Estou a viajar pela Europa há três semanas para discutir a crise financeira global com responsáveis de governos, políticos e líderes trabalhistas. O mais notável é quão diferentemente o problema financeiro é percebido aqui. É como estar em outro universo económico, não apenas em outro continente.
Os media dos EUA estão silenciosos acerca dos tópicos mais importantes que os decisores políticos discutem aqui (e suspeito que na Ásia também): como proteger os seus países de três dinâmicas inter-relacionadas: (1) o excesso de dólares que está a ser despejado no resto do mundo para ainda mais especulação financeira e takeovers corporativos; (2) o facto de os bancos centrais serem obrigados a reciclar estes influxos de dólares com a compra títulos do Tesouro dos EUA e assim financiar o défice do orçamento federal dos EUA; e, ainda mais importante (mas suprimido nos media dos EUA), (3) o carácter militar do défice de pagamentos dos EUA e do défice orçamental federal interno.
Por estranho que possa parecer e irracional como seria num sistema de diplomacia mundial que fosse mais lógico, a "inundação de dólares" é o que financia o crescimento militar global da América. Ela força bancos centrais estrangeiros a arcarem com os custos da expansão militar do império americano, uma efectiva "tributação sem representação". Manter reservas internacionais em "dólares" significa reciclar seus influxos de dólares na compra de títulos dos Tesouro dos EUA, emitidos pelo governo dos EUA em grande medida para financiar o sector militar.
Até à data, os países têm sido impotentes para se defenderem contra o facto de este financiamento compulsório dos gastos militares dos EUA estar embutido dentro do sistema financeiro global. Economistas neoliberais aplaudem isto como "equilíbrio", como se fosse parte da natureza económica e dos "mercados livres" ao invés de diplomacia claramente exercida com crescente agressividade por responsáveis dos EUA. Os mass media intrometem-se, pretendendo que reciclar a inundação de dólares para financiar os gastos militares estado-unidenses é "mostrar a sua fé na fortaleza económica dos EUA" com o envio dos "seus" dólares aqui para "investir". É como se houvesse nisto uma opção, não compulsão financeira e diplomática para simplesmente optar entre o "Sim" (da China, relutantemente), o "Sim, por favor" (do Japão e da União Europeia) e o "Sim, obrigado" (da Grã-Bretanha, Geórgia e Austrália).

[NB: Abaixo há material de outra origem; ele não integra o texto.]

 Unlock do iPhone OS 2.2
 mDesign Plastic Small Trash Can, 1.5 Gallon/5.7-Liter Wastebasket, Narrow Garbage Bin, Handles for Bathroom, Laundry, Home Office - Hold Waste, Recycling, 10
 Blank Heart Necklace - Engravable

Não é "a fé estrangeira na economia dos EUA" que leva os de fora a "colocarem o seu dinheiro aqui". Isto é um tolo quadro antropomórfico de uma dinâmica mais sinistra. Os "estrangeiros" em causa não são consumidores a comprar exportações dos EUA, nem são "investidores" do sector privado a comprar acções e títulos dos EUA. As maiores e mais importantes entidades estrangeiras que colocam o "seu dinheiro" aqui são bancos centrais, e não é os "seu dinheiro" de modo algum. Eles estão a remeter de volta os dólares que exportadores estrangeiros e outros receptores entregam aos seus bancos centrais em troca de divisas internas.

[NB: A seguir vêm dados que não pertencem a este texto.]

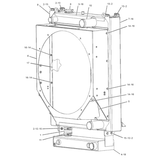 Radiator 263-6406 2636406 for CAT 525C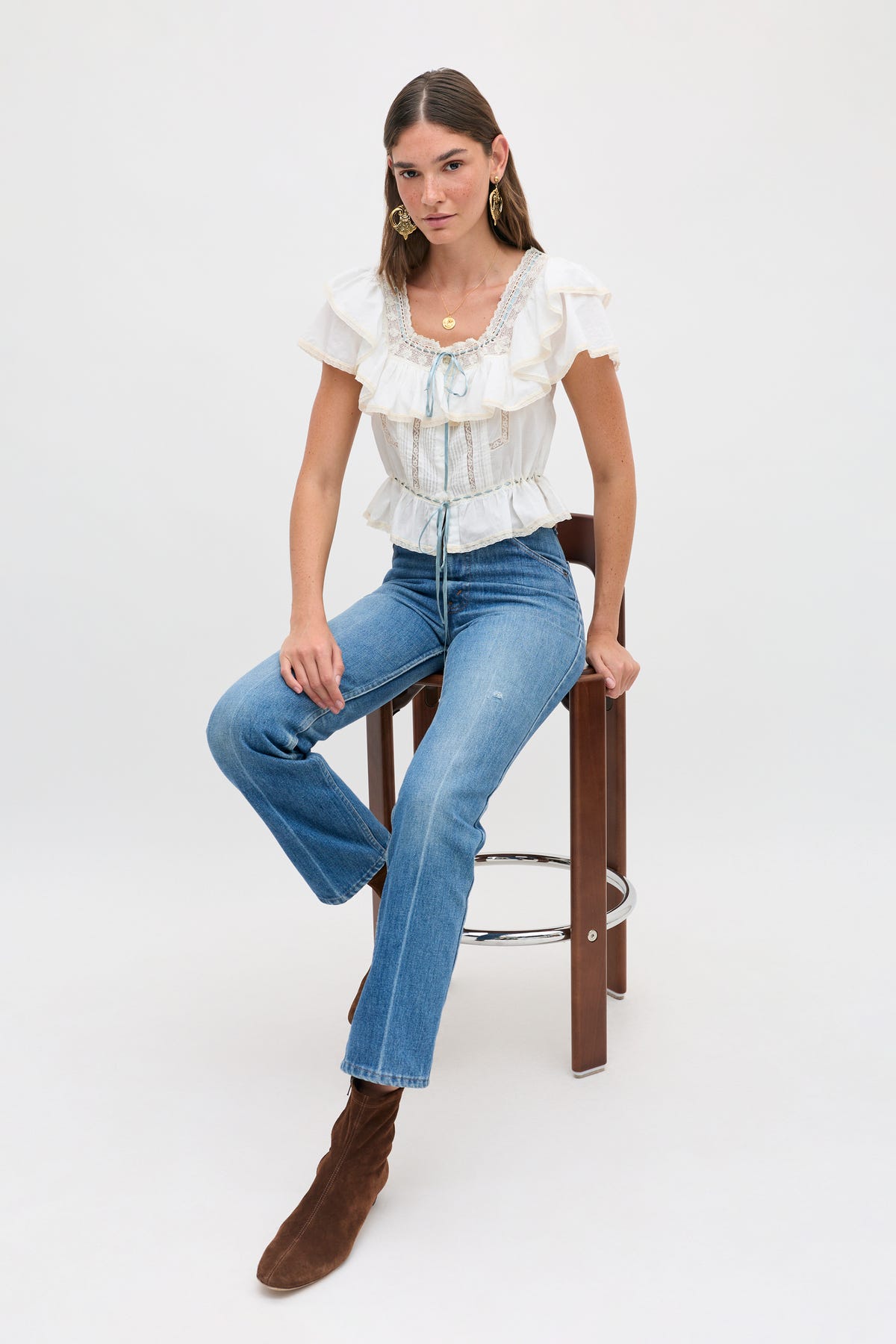 melisa top ivory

Quando o défice de pagamentos dos EUA enche de dólares economias estrangeiras, estes bancos têm pouca opção além de comprar títulos do Tesouro dos EUA os quais são gastos por este no financiamento de um crescimento militar enorme e hostil destinado a cercar os principais recicladores de dólares, China, Japão e produtores de petróleo árabes da OPEP. Mas estes governos são forçados a reciclar influxos de um modo que financia políticas militares dos EUA a cuja formulação eles são alheios e que os ameaça cada vez mais beligerantemente. Foi por isso que a China e a Rússia tomaram a iniciativa de formar a Organização de Cooperação de Shangai (SCO) uns poucos anos atrás.

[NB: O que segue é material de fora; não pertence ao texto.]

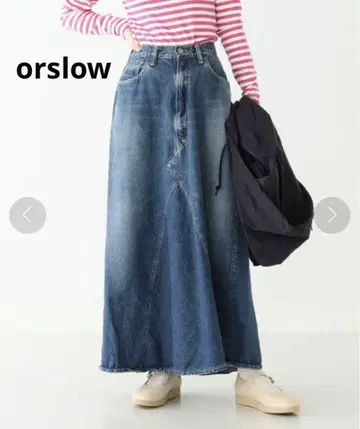 [ 가격 인하 ] orslow BEAMSBOY 별주 데님 롱 스커트 S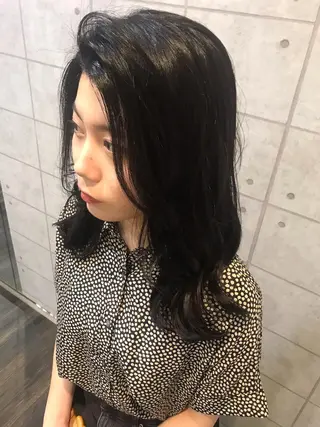 ロング カラー knock【ノック】所属・烏丸韓国ヘア🇰🇷 ayaka🎀のヘアスタイル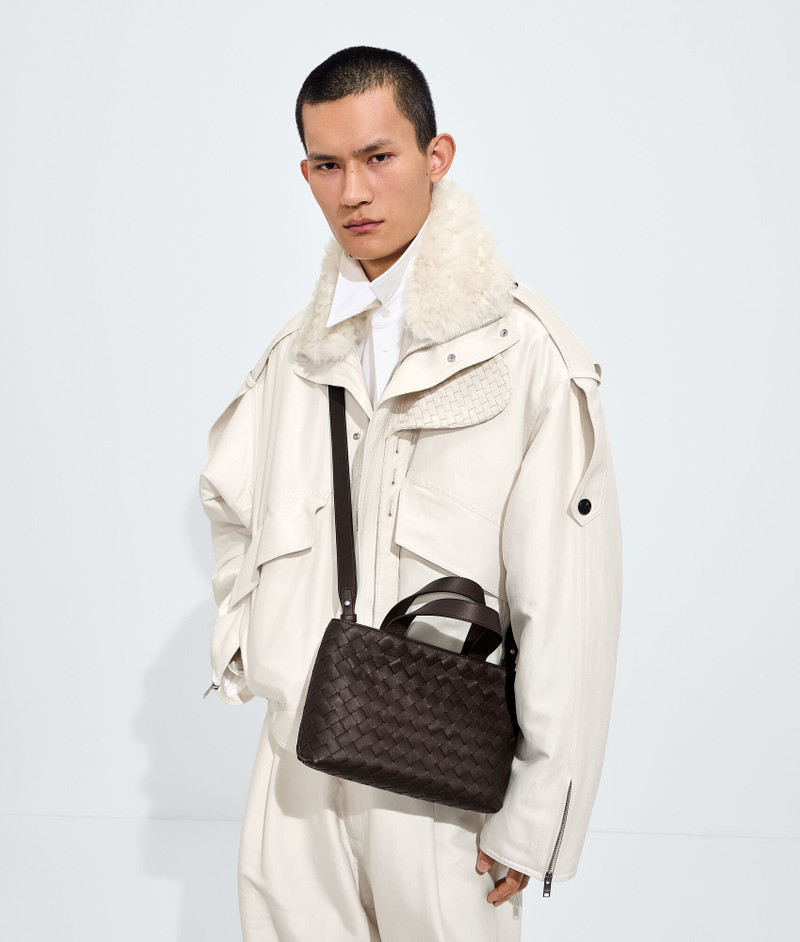 Bottega Veneta Mini Intrecciato Zipped Tote outlook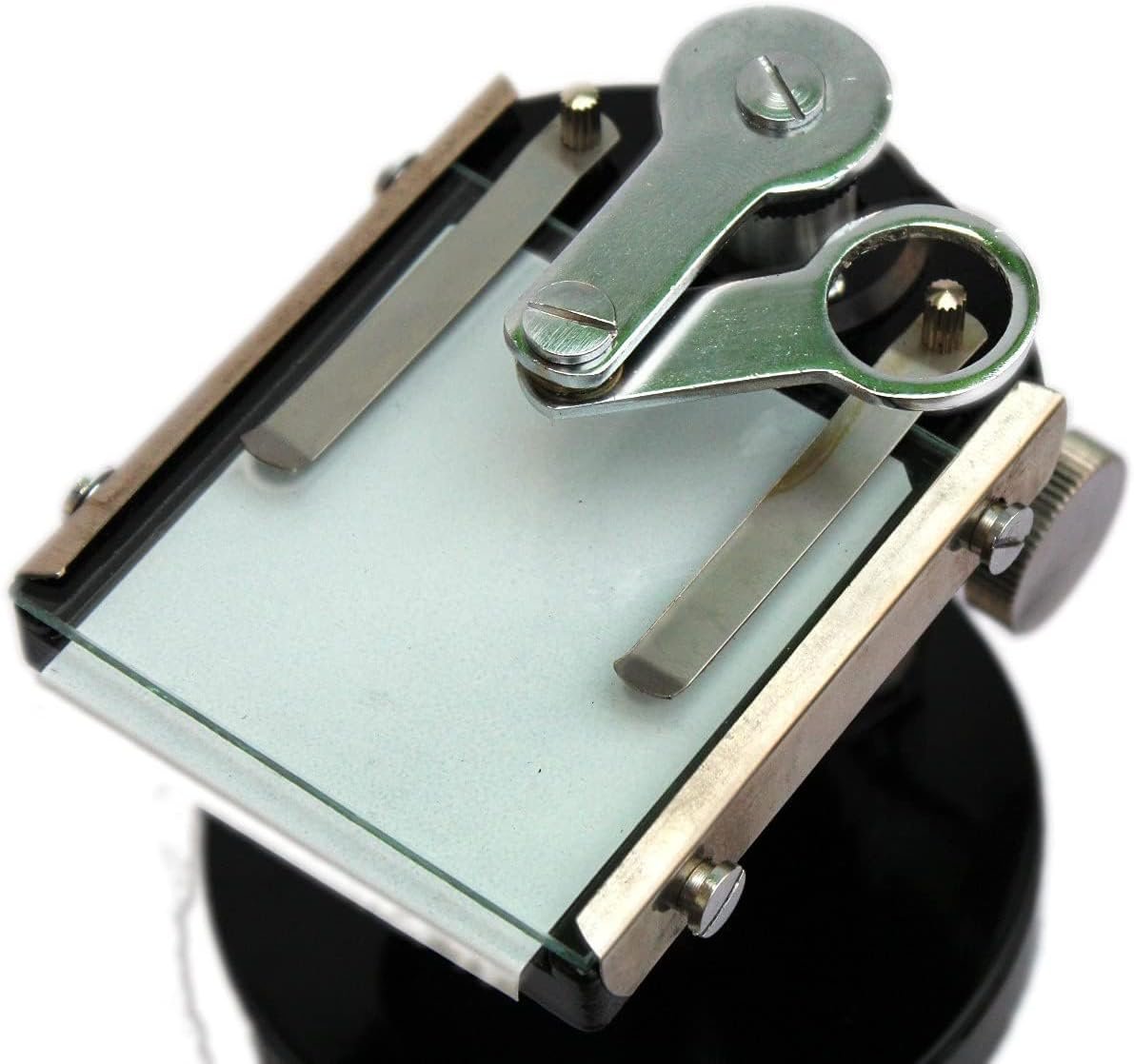 Brass Simple Dissecting Microscope with Two eyepieces and revolving arm for Good Magnification for School collge Laboratory and Hospitals - Image 4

Aqui na Europa há uma consciência clara de que o défice de pagamentos dos EUA é muito maior do que o défice comercial. Basta simplesmente olhar a Tabela 5 dos dados da balança de pagamentos dos EUA compilados pelo Bureau of Economic Analysis (BEA) e publicados pelo Departamento do Comércio no seu Survey of Current Business para ver que o défice não se deve simplesmente ao facto de consumidores comprarem mais importações do que os Estados Unidos exportam quando o sector financeiro desindustrializa a sua economia. As importações dos EUA estão agora a afundar quando a sua economia se contrai e os consumidores estão agora a descobrir que são obrigados a pagar as dívidas que assumiram.
O Congresso disse aos investidores estrangeiros do maior possuidor de dólares, a China, para não comprar nada excepto talvez lojas de automóveis usados e talvez mais pacotes de hipotecas e acções da Fannie Mae, o equivalente de investidores japoneses a serem pilotados para o gasto de US$1 mil milhões no Rockefeller Center, nos quais a seguir tiveram uma perda de 100%, e ao investimento saudita no Citigroup. Esta é a espécie de "equilíbrio internacional" que os responsáveis dos EUA gostam de ver. "CNOOK [NT] go home" é a palavra-de-ordem quando há tentativas sérias de governos estrangeiros e seus fundos de riqueza soberana (departamentos de bancos centrais a tentarem imaginar o que fazer com a sua inundação de dólares) de fazerem investimentos directos na indústria americana.
De modo que somos confrontados com a extensão em que o défice de pagamentos dos EUA tem origem nos gastos militares. O problema não é só a guerra no Iraque, agora a ser estendida ao Afeganistão e ao Paquistão. É o dispendioso crescimento de bases militares dos EUA na Ásia, Europa, países pós-soviéticos e do Terceiro Mundo. A administração Obama prometeu tornar o montante real destes gastos militares mais transparente. Isto presumivelmente significa publicar um conjunto revisto dos números da balança de pagamentos bem como estatísticas do orçamento federal interno.
A sobrecarga militar é como uma sobrecarga de dívida, extracção de receita da economia. Neste caso é para pagar o complexo militar-industrial, não simplesmente os bancos da Wall Street e outras instituições financeiras. O défice do orçamento federal interno não brota só do "estímulo" de distribuir enormes somas para criar uma nova oligarquia financeira. Ele contém um enorme componente militar em crescimento rápido.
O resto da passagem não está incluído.